Your weight variable is less than 3%. I wouldn't worry about it. If you were shooting Bulls Eye competition I'd sort them by weight for better group size otherwise there's no point.


----------



## Charlie (May 13, 2006)

gmaske said:


> Your weight variable is less than 3%. I wouldn't worry about it. If you were shooting Bulls Eye competition I'd sort them by weight for better group size otherwise there's no point.


+1 what he said. If you're not going for high level, intense, finite group sizes, it's not a big deal. Just my $.02 :mrgreen: But it certainly should help a small amount if you want to spend the time.


----------



## Anarius (Mar 8, 2008)

Thanks!

New question! I full length resize BEFORE I trim, right?

Clean/Inspect
Lube
Resize/decap
Trim
Clean
Prime
Charge
Seat
Crimp

Also, what is your favorite powder for 9mm/.45acp? I've been using H's "Varget" for my .233 and 30/06 reloads so far.
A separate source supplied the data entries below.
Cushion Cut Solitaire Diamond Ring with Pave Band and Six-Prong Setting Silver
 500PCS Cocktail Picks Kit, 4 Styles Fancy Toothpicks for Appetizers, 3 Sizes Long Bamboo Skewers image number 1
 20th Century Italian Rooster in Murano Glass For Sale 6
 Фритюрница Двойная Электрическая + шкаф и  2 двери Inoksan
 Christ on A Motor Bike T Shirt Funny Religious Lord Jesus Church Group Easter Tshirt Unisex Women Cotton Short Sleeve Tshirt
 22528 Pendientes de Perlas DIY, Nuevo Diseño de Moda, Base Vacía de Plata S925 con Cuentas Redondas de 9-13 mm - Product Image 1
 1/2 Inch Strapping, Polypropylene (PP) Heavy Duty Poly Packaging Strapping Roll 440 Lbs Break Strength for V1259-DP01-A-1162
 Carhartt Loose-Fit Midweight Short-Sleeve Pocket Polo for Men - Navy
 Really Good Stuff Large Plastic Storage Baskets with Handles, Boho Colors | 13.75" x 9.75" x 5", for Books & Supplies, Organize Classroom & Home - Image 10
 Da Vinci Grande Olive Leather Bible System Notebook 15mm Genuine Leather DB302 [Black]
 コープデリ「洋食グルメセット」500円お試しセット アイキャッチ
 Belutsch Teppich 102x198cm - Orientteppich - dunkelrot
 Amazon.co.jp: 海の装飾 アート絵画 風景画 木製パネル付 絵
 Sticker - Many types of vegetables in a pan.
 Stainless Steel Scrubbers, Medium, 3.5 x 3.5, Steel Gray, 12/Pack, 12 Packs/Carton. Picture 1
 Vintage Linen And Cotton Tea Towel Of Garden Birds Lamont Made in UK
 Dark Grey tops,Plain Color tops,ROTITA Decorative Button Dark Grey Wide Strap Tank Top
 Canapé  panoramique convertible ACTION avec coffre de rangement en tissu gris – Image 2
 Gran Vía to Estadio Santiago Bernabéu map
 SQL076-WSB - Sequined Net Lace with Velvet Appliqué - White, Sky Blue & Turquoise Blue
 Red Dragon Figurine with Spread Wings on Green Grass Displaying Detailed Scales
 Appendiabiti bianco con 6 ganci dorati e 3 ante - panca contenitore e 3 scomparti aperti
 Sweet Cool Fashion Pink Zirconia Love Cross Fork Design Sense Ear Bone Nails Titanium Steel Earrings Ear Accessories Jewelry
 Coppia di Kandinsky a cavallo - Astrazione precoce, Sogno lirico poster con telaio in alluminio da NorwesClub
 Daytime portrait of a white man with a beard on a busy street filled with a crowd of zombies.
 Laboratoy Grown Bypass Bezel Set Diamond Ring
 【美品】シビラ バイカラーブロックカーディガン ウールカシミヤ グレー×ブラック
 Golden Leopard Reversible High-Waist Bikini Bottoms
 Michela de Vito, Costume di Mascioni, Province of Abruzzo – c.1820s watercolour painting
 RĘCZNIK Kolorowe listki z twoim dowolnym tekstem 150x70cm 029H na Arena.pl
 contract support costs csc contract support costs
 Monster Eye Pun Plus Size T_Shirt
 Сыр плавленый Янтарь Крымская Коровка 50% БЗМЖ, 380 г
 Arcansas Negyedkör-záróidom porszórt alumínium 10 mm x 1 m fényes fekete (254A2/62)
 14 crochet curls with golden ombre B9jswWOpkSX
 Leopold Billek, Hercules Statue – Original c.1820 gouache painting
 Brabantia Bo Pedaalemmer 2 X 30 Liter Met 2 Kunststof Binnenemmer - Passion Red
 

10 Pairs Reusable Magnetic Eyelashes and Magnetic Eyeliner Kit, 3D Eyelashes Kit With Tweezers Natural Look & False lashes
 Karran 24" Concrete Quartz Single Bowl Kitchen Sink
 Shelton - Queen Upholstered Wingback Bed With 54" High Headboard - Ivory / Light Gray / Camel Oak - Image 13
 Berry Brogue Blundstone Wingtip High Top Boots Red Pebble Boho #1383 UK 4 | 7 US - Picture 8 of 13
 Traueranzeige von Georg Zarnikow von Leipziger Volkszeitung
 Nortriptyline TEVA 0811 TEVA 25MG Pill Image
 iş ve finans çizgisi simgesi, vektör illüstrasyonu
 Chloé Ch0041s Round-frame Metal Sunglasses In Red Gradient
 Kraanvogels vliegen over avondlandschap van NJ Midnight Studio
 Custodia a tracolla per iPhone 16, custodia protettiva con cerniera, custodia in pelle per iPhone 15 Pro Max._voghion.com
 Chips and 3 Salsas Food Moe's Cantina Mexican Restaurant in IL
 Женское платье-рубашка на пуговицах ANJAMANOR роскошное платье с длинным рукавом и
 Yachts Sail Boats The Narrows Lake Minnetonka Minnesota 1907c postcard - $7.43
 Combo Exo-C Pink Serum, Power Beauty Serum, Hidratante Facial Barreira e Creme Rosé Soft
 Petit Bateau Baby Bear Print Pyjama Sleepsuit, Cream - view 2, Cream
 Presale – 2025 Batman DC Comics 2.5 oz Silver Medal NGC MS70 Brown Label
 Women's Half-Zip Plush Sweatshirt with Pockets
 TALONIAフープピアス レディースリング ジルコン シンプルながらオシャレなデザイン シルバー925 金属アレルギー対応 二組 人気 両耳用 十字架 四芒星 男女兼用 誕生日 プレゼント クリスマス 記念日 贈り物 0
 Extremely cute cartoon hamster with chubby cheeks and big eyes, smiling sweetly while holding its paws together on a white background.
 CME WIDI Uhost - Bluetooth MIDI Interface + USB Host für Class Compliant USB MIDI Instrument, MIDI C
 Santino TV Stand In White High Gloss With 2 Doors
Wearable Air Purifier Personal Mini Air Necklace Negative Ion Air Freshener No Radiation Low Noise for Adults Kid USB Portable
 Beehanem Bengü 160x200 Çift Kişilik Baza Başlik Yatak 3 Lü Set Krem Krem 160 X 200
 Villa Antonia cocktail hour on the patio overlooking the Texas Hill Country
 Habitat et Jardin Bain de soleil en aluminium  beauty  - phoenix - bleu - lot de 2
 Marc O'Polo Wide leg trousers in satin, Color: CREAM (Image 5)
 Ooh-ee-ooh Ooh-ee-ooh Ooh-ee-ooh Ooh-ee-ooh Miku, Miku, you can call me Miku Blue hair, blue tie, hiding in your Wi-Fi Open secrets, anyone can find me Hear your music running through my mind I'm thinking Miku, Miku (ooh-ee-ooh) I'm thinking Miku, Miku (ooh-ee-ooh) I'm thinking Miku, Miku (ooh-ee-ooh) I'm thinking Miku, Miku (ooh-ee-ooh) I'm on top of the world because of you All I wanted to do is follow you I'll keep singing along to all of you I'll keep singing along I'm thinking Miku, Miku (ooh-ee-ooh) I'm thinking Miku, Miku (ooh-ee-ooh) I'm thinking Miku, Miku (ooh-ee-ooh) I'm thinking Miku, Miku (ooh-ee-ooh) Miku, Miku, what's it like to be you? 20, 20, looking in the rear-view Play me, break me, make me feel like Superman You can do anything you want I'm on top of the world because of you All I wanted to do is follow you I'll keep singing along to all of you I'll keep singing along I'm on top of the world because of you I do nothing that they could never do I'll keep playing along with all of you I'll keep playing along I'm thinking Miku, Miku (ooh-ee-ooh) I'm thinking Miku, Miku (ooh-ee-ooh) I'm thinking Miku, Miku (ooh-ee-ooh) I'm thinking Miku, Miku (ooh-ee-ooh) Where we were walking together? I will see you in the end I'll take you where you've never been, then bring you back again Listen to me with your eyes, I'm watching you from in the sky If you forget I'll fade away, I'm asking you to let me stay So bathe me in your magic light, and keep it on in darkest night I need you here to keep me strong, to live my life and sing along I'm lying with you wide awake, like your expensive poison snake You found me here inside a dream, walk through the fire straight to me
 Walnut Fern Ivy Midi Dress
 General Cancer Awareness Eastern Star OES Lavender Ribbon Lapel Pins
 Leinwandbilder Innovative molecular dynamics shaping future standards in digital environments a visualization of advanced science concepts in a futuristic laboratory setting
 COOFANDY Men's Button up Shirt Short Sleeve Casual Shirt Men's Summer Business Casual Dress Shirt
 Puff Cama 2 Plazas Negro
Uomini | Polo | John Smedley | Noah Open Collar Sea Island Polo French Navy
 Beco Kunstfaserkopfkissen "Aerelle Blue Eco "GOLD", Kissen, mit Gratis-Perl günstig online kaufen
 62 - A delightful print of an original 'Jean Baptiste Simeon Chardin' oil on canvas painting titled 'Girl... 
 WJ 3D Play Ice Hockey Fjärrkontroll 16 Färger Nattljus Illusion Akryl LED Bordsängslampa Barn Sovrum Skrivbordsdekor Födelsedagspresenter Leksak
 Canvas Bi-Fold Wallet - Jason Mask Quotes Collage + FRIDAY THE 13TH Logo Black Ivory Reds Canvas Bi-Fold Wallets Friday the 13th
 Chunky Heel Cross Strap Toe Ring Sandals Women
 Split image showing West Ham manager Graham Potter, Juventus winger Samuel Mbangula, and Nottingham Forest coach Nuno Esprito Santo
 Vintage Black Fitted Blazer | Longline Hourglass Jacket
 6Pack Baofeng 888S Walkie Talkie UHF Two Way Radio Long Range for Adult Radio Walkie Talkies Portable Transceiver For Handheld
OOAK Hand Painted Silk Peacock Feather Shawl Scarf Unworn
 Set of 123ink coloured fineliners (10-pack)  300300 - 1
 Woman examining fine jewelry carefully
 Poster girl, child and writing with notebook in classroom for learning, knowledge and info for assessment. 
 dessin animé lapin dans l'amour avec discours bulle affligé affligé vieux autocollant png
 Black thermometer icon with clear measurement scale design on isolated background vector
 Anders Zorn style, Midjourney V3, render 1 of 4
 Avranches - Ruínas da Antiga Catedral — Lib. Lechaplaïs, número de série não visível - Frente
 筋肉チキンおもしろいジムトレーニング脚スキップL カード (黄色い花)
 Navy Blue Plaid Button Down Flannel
How do you know if your brass takes 'large' or 'small' primers? just tell by looking?


----------



## Guest (Mar 17, 2008)

A good reloading manual will be invaluable to you as they start you out with the process and stress safety. They also have a variety of loads and some even list the most accurate in the test rifle. I would invest the money.

The resizing process should come before you trim as you will then have uniform case length. Once you trim then you need to chamfer and deburr the case mouth. I also clean the primer pockets before I seat the primer.


----------



## Anarius (Mar 8, 2008)

Actually, I got 2 reloading manuals.

"Speer Reloading Manual No.12" and "Hodgdon Data Manual No.26"

I was just double checking the instructions because the Speer book can be a little vague.

Thanks.


----------



## gmaske (Jan 7, 2008)

Anarius said:


> Actually, I got 2 reloading manuals.
> 
> "Speer Reloading Manual No.12" and "Hodgdon Data Manual No.26"
> 
> ...


There's nothing wrong with asking questions to clairify stuff. Better safe than sorry. Besides it makes me think. I sure don't have all the answers and there are others here that have been at it a lot longer than I but I'll help ya any way I can.


----------